:: Record excerpts ::

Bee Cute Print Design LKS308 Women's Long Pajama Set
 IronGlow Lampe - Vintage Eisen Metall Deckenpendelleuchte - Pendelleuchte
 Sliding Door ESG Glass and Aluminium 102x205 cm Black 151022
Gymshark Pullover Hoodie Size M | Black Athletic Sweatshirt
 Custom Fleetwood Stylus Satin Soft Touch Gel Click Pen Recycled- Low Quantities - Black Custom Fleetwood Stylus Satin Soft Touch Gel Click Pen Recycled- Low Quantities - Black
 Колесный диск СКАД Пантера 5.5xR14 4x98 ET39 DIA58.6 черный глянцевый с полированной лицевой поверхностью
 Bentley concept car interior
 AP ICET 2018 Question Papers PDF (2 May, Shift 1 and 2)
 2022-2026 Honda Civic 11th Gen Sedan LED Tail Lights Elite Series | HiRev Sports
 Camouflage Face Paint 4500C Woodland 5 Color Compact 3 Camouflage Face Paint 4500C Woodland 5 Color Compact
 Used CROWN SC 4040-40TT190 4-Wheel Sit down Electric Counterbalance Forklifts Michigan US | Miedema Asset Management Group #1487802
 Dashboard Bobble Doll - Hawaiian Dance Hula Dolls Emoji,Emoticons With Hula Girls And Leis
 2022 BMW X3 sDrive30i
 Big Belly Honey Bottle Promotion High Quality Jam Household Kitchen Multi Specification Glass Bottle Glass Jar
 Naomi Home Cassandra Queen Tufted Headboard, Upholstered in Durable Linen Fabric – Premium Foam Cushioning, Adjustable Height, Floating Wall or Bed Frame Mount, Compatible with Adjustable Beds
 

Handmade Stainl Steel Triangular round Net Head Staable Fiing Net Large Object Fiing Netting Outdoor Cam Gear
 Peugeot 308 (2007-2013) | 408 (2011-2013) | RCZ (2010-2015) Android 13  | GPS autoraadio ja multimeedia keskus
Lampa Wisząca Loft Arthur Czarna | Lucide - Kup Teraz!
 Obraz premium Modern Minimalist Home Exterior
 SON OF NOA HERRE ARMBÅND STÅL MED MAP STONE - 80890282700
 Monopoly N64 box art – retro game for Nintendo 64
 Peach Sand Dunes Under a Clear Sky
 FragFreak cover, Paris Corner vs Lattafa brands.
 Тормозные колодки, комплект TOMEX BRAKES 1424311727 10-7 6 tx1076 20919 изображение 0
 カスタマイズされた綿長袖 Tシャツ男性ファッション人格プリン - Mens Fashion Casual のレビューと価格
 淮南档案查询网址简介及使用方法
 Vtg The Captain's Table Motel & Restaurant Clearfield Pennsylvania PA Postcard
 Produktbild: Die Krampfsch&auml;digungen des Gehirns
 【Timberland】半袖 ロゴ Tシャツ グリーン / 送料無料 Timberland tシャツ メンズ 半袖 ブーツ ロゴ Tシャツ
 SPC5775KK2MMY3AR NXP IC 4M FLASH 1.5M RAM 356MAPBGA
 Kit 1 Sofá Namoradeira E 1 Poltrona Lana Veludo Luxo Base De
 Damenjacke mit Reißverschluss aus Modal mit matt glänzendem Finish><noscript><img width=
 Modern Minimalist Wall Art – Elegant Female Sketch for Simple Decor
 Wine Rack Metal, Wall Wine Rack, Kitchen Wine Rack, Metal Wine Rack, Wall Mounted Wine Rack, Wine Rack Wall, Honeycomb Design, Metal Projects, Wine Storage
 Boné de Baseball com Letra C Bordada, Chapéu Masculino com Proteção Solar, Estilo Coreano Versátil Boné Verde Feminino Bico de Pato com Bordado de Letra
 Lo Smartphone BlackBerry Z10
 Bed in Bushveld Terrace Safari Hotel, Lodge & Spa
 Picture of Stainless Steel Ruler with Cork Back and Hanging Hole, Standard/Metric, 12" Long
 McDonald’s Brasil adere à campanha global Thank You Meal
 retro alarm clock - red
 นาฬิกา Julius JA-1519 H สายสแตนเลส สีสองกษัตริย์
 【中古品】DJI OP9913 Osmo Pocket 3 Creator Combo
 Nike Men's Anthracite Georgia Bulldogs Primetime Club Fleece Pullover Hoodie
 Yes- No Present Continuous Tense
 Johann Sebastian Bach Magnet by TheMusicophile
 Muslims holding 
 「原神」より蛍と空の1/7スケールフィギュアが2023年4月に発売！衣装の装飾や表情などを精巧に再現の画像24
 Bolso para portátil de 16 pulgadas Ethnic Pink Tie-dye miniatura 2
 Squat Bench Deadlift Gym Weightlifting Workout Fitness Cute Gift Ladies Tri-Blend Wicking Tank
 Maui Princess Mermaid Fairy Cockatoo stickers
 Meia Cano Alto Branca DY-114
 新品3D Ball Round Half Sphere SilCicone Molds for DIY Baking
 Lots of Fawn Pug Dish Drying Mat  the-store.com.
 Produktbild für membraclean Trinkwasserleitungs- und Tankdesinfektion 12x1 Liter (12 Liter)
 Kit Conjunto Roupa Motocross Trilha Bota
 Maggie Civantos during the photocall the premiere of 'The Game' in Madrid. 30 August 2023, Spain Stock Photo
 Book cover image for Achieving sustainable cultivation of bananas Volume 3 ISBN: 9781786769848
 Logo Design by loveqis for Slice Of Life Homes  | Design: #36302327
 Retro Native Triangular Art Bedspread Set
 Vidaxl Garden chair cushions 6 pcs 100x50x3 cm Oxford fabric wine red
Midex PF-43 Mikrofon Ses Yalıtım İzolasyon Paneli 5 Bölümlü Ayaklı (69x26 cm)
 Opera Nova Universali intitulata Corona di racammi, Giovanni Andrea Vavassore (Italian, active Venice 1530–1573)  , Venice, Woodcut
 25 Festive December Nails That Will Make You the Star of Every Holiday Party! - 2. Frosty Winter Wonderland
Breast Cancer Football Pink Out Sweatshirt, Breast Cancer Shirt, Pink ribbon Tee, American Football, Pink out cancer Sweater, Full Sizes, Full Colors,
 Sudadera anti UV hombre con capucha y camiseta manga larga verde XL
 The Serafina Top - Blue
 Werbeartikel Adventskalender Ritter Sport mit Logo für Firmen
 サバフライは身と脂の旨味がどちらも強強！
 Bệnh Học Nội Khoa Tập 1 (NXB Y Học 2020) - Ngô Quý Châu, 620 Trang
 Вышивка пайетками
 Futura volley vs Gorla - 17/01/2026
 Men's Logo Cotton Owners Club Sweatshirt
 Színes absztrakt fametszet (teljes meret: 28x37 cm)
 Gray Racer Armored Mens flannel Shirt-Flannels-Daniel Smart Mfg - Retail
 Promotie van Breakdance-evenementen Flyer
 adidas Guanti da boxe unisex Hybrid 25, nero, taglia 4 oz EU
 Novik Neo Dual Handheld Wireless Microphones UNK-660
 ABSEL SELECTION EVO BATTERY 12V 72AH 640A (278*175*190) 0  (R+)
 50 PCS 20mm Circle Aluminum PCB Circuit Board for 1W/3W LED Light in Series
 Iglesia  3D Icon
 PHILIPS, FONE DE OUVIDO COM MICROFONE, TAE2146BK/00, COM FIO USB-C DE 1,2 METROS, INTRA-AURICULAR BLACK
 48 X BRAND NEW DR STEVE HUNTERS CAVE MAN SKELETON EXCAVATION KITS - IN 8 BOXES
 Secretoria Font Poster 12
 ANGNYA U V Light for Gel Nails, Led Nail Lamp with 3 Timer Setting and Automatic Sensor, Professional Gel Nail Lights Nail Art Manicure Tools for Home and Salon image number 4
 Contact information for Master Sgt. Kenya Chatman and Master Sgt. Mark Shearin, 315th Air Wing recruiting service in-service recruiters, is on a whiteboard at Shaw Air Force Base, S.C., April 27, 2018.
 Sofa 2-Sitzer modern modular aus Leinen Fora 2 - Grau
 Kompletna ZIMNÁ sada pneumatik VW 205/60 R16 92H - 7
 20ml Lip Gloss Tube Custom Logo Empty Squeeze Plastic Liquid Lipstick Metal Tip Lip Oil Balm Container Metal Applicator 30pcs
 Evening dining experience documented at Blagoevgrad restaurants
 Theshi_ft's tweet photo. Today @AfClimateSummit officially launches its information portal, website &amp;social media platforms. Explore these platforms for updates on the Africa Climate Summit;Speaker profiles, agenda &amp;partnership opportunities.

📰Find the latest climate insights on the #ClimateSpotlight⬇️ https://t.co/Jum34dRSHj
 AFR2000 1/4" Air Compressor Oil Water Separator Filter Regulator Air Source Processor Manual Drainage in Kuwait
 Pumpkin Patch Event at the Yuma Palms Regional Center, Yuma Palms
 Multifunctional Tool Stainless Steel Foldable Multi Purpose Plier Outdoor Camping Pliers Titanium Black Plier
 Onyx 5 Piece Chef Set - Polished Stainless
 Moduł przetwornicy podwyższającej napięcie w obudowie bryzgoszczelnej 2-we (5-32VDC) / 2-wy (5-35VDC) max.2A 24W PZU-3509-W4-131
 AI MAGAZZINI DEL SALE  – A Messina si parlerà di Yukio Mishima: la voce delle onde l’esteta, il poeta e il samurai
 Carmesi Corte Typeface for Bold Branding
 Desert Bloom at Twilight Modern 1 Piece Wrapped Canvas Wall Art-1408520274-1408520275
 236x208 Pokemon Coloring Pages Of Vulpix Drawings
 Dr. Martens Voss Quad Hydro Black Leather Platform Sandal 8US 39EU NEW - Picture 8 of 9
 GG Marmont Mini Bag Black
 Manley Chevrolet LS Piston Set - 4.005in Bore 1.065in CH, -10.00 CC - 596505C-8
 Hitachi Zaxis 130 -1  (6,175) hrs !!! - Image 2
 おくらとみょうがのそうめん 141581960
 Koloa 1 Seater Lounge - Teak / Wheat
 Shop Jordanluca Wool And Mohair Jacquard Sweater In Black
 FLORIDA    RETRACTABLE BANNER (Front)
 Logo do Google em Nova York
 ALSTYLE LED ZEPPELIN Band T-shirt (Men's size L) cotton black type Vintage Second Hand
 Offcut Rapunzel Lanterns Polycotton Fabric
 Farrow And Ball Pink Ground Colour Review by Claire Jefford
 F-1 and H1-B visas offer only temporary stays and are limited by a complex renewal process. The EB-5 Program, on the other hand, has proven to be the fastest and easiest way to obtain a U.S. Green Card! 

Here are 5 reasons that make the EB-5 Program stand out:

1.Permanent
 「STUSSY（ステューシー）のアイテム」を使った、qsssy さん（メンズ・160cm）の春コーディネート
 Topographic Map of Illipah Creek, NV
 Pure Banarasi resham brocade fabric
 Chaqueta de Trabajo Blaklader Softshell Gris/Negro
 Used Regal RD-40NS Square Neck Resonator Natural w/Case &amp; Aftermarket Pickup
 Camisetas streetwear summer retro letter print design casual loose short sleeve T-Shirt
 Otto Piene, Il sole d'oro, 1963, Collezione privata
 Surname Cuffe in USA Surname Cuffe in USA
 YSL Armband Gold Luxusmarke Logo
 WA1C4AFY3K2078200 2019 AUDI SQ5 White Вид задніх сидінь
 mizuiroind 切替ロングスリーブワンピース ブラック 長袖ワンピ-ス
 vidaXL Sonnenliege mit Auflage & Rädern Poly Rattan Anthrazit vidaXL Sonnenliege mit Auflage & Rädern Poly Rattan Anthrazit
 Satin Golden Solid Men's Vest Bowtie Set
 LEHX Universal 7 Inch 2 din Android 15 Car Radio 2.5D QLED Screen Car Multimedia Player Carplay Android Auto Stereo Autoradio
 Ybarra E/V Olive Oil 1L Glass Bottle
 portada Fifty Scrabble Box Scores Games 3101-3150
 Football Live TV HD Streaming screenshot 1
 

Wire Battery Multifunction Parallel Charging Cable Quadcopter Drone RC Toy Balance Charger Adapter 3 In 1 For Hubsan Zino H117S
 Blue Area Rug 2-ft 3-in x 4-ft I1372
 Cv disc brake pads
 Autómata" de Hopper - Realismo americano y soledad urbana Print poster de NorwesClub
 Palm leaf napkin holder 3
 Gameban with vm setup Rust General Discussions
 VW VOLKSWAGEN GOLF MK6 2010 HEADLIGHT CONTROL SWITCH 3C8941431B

:::

▶ _Your instructions_
What you return must be an exact retyping of the lines above starting at the line with "PHILIPS, FONE DE" and ending at the line with "ANGNYA U V Light", and nothing besides.

▶ _Response below_
 PHILIPS, FONE DE OUVIDO COM MICROFONE, TAE2146BK/00, COM FIO USB-C DE 1,2 METROS, INTRA-AURICULAR BLACK
 48 X BRAND NEW DR STEVE HUNTERS CAVE MAN SKELETON EXCAVATION KITS - IN 8 BOXES
 Secretoria Font Poster 12
 ANGNYA U V Light for Gel Nails, Led Nail Lamp with 3 Timer Setting and Automatic Sensor, Professional Gel Nail Lights Nail Art Manicure Tools for Home and Salon image number 4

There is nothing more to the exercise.